9 Apr 2015, 18:08 PM
#43
avatar of AvNY

Posts: 862


German steel Quality according this book wasn't as bad as some believe


I am not sure that that is what this caption is saying.

Steel, like many materials, has benefits and weaknesses. The softer it is, the less brittle and vice versa. The higher the grade (and often the harder and more expensive it is to produce) the more likely that the tradeoffs are fewer. In both those cases it is possible that the grades of the Ausf. D were also lower but that they found the more harder, more brittle steel was not as preferable to a softer and in neither case was a harder AND less brittle option available. (I know a little about steel, not a lot.)

What would also be interesting would be any notation about "spalling". A round that creates spalling (and some, HESH rounds, were designed later on when they became aware of spalling) can kill the crew and/or disable the tank without ever penetrating.

Also here is a picture of a Panther turret not penetrated by 75mm rounds (note the three dents) yet the combined impacts cracked the Turret:

"The side of a Panther tank turret, cracked by three glancing blows of 75 mm HE, June 1944.

Photograph by Major W H J Sale, 3rd/4th County of London Yeomanry (Sharpshooters), World War Two, North West Europe, 1944.

The three hits from 3rd/4th County Shermans killed the turret crew, but apart from cracking the thick armour plating did no other damage to the tank.

From an album containing 210 photographs compiled by Major W H J Sale, MC, 3rd/4th County of London Yeomanry (Sharpshooters), 1944."

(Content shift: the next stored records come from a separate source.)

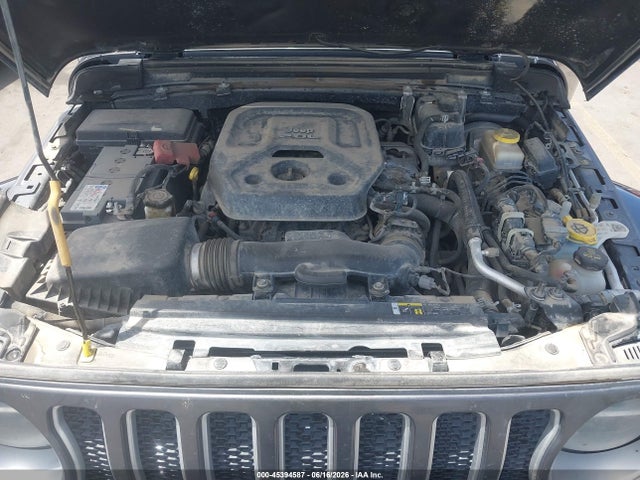 1C4HJXEN5JW196318 Jeep Wrangler Unlimited Sahara 4x4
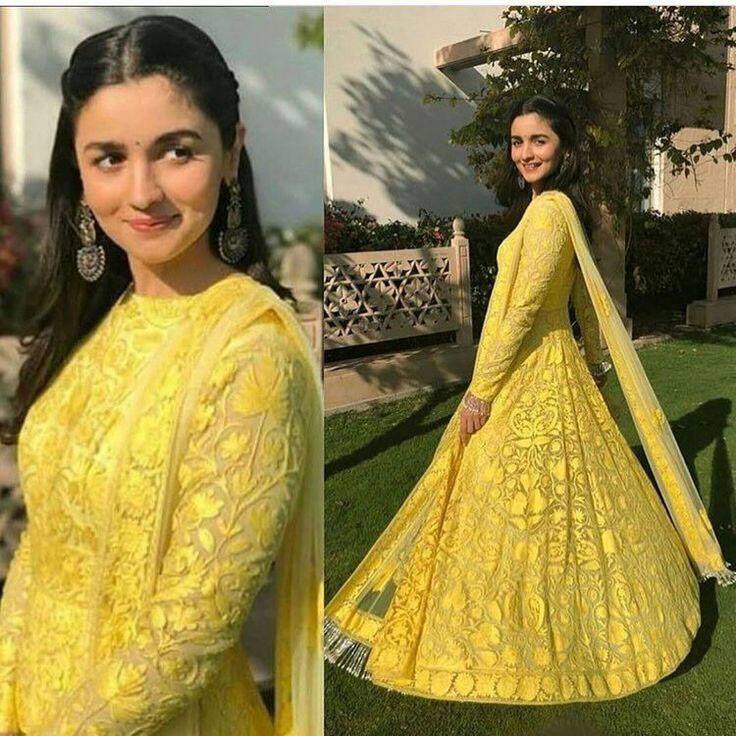 Navratri Day 4 Colour - Yellow (Alia Bhatt) Navratri Day 4 Colour - Yellow (Alia Bhatt)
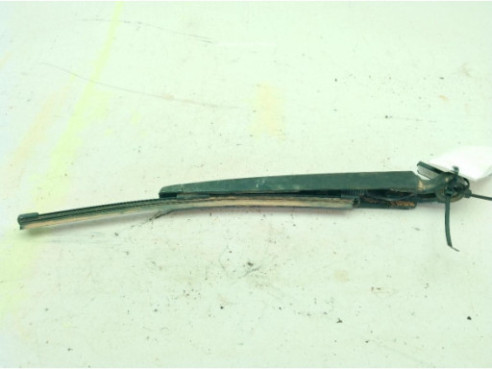 BRAZO LIMPIAPARABRISAS TRA PORTÓN VW GOLF VII (5G1, BQ1, BE1, BE2)|Desguaces La Cabaña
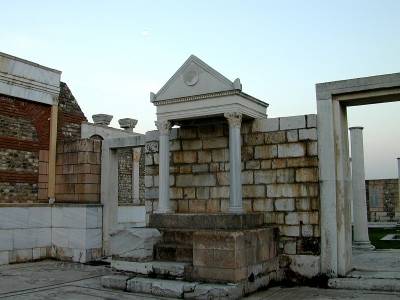 Sardes, bema de synagogue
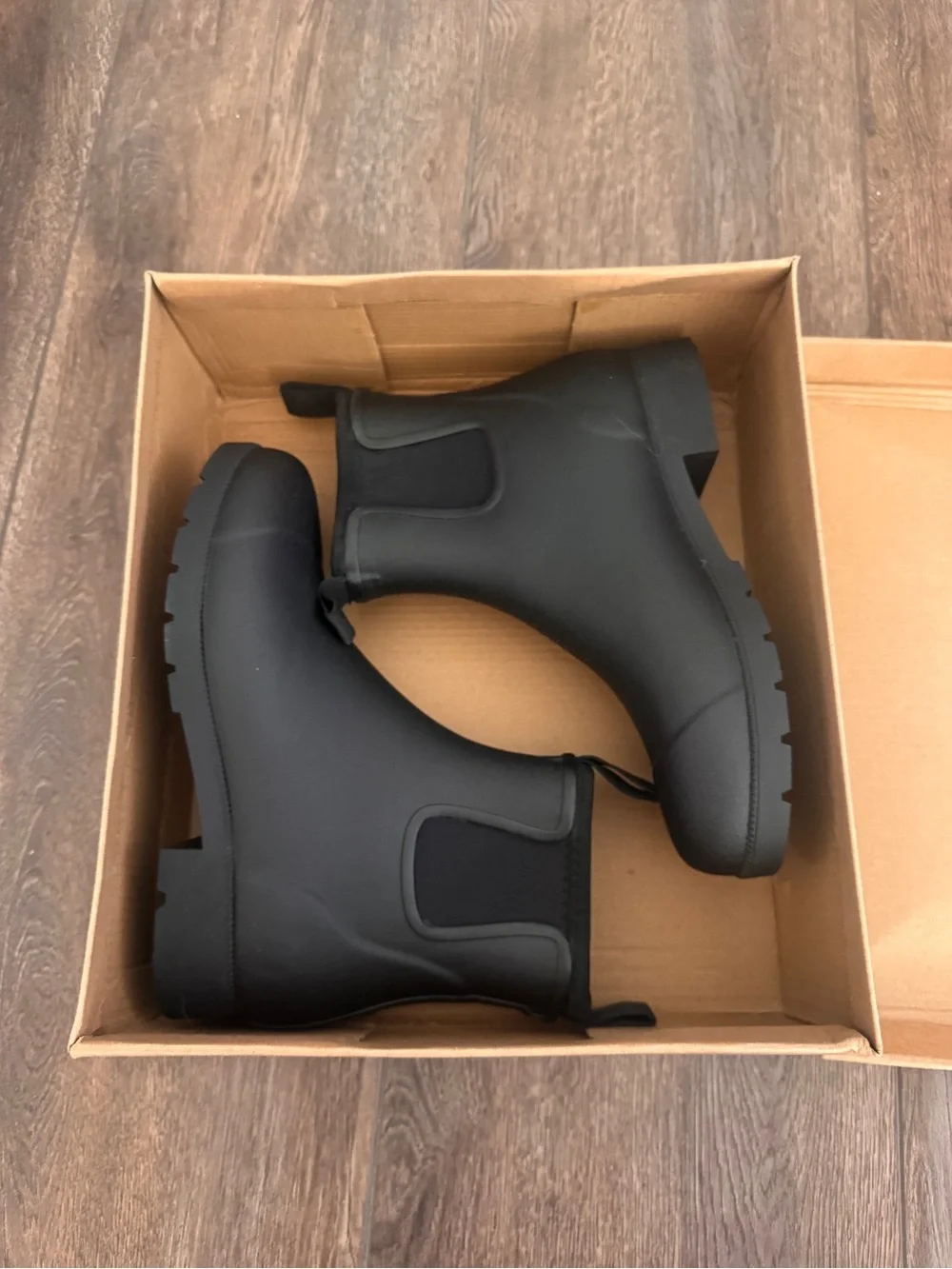 Quince Waterproof Ankle Rain Boots Black Chelsea Rubber Women’s Size 7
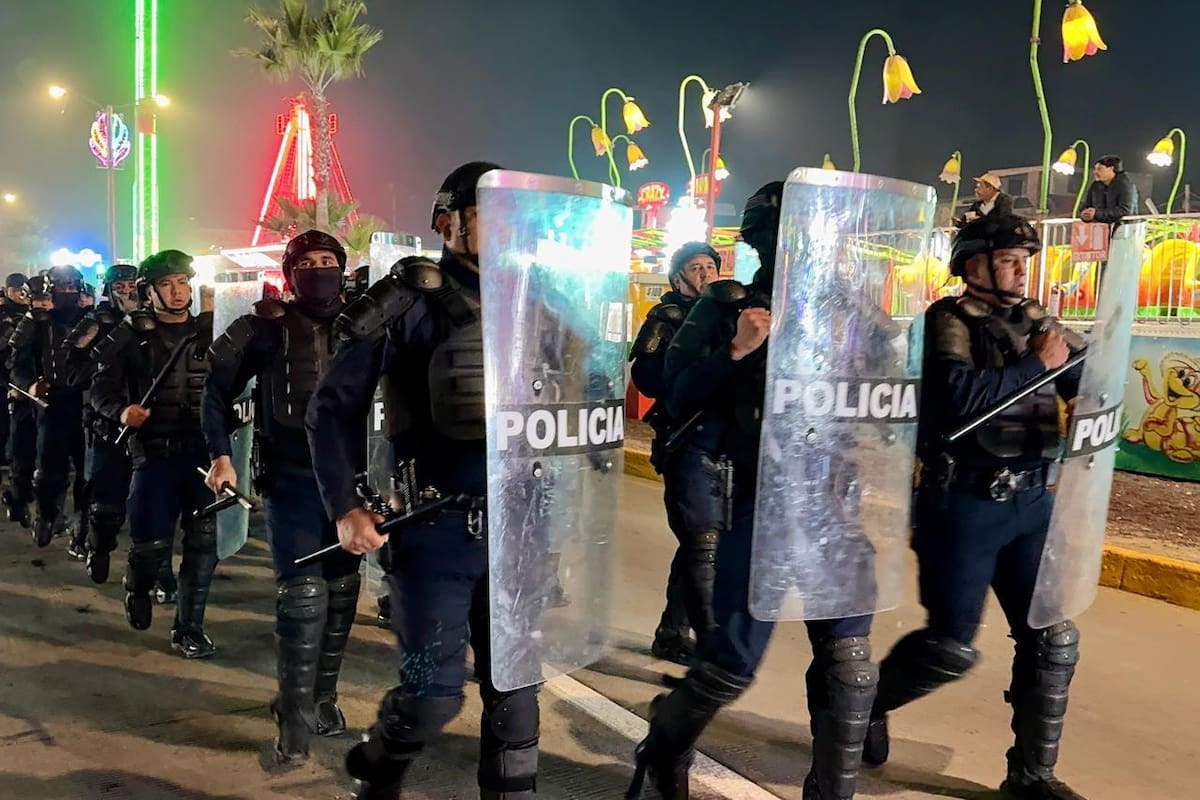 Detienen a 16 personas la primera noche del Carnaval de Ensenada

http://www.nam.ac.uk/online-collection/detail.php?acc=1975-03-63-18-162

9 Apr 2015, 18:12 PM
#44
avatar of __deleted__

Posts: 1225

By the time of the Normandy campaign, the logistical, material, and most importantly numerical superiority of the Allies had grown so massive as to make these musings largely academic anyways. In retrospect, it is fairly surprising and difficult for the historian to plausibly explain as to why the Germans managed to contain the Allies as long as they did, especially seeing as the German strategical dispositions were mediocre at best, but they had no chance of winning the campaign whatsoever.
9 Apr 2015, 18:14 PM
#45
avatar of AvNY

Posts: 862



The sad truth; I would love to research more about how these respective militaries decided on the tanks they ended up using and I would love to see the other options that could of been.



There is actually quite a bit on US and British tanks on the web, and even in the wikipedia pages on the various tanks they used. Often there were design and manufacturing considerations with prototypes. Sometimes the new wonder-weapon like prototypes didn't perform up to standard. The difference between the US and the Germans is they didn't go into production unless they knew what would come off the line was producible and serviceable (see the development of the Pershing or the Comet as a case-in-point).
9 Apr 2015, 18:31 PM
#46
avatar of AvNY

Posts: 862

By the time of the Normandy campaign, the logistical, material, and most importantly numerical superiority of the Allies had grown so massive as to make these musings largely academic anyways. In retrospect, it is fairly surprising and difficult for the historian to plausibly explain as to why the Germans managed to contain the Allies as long as they did, especially seeing as the German strategical dispositions were mediocre at best, but they had no chance of winning the campaign whatsoever.


I think it is simple matter of geography and logistics.

In the East The Russians weren't on par with the Germans until sometime in '43. Then they had to cover 1200-1500 km against a competent resisting opponent (not like '41 Soviets or '40 France) when no one covered more than 400-700 in an offensive on a given front, which often took weeks, and then have to stop for months to replenish and reorganize. And offensives in the winter would cover less ground and were longer to replenish.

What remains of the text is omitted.